■ WHAT YOU WILL DO
Would you write out the lines from the one containing "Pilcro Flutter-Sleeve Tiered" to the end of the records below, exactly and in full, please?
***** INPUT DATA
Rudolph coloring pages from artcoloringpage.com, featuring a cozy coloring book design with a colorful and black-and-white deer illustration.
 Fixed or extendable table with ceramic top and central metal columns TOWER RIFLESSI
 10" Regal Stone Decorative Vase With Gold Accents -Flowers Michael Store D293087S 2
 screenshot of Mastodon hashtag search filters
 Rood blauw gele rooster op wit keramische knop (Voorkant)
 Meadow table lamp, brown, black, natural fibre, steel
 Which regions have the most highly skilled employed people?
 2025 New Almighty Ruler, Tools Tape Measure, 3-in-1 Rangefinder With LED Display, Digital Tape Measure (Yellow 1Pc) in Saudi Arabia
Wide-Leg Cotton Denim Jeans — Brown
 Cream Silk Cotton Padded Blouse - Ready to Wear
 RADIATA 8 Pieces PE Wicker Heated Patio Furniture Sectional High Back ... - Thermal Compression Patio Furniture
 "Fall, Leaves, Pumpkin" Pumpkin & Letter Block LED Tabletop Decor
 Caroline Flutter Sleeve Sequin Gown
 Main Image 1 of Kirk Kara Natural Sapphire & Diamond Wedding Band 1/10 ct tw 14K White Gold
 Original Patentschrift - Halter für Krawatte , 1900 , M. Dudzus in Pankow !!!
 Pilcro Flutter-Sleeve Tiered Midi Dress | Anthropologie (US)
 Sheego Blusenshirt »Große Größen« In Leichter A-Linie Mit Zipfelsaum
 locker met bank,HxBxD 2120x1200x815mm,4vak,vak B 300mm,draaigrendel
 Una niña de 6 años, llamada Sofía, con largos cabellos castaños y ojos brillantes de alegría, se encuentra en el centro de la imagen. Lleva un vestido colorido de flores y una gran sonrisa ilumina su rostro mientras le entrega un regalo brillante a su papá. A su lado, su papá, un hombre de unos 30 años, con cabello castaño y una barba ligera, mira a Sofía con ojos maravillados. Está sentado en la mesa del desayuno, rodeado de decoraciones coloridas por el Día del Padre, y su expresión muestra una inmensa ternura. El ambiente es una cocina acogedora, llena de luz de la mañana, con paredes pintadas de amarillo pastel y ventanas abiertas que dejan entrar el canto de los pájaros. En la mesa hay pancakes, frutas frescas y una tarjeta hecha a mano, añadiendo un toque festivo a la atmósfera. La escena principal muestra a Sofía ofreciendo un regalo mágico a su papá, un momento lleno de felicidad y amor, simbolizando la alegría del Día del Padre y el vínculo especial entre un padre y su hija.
**********
■ ANSWER TO THE PROBLEM
 Pilcro Flutter-Sleeve Tiered Midi Dress | Anthropologie (US)
 Sheego Blusenshirt »Große Größen« In Leichter A-Linie Mit Zipfelsaum
 locker met bank,HxBxD 2120x1200x815mm,4vak,vak B 300mm,draaigrendel
 Una niña de 6 años, llamada Sofía, con largos cabellos castaños y ojos brillantes de alegría, se encuentra en el centro de la imagen. Lleva un vestido colorido de flores y una gran sonrisa ilumina su rostro mientras le entrega un regalo brillante a su papá. A su lado, su papá, un hombre de unos 30 años, con cabello castaño y una barba ligera, mira a Sofía con ojos maravillados. Está sentado en la mesa del desayuno, rodeado de decoraciones coloridas por el Día del Padre, y su expresión muestra una inmensa ternura. El ambiente es una cocina acogedora, llena de luz de la mañana, con paredes pintadas de amarillo pastel y ventanas abiertas que dejan entrar el canto de los pájaros. En la mesa hay pancakes, frutas frescas y una tarjeta hecha a mano, añadiendo un toque festivo a la atmósfera. La escena principal muestra a Sofía ofreciendo un regalo mágico a su papá, un momento lleno de felicidad y amor, simbolizando la alegría del Día del Padre y el vínculo especial entre un padre y su hija.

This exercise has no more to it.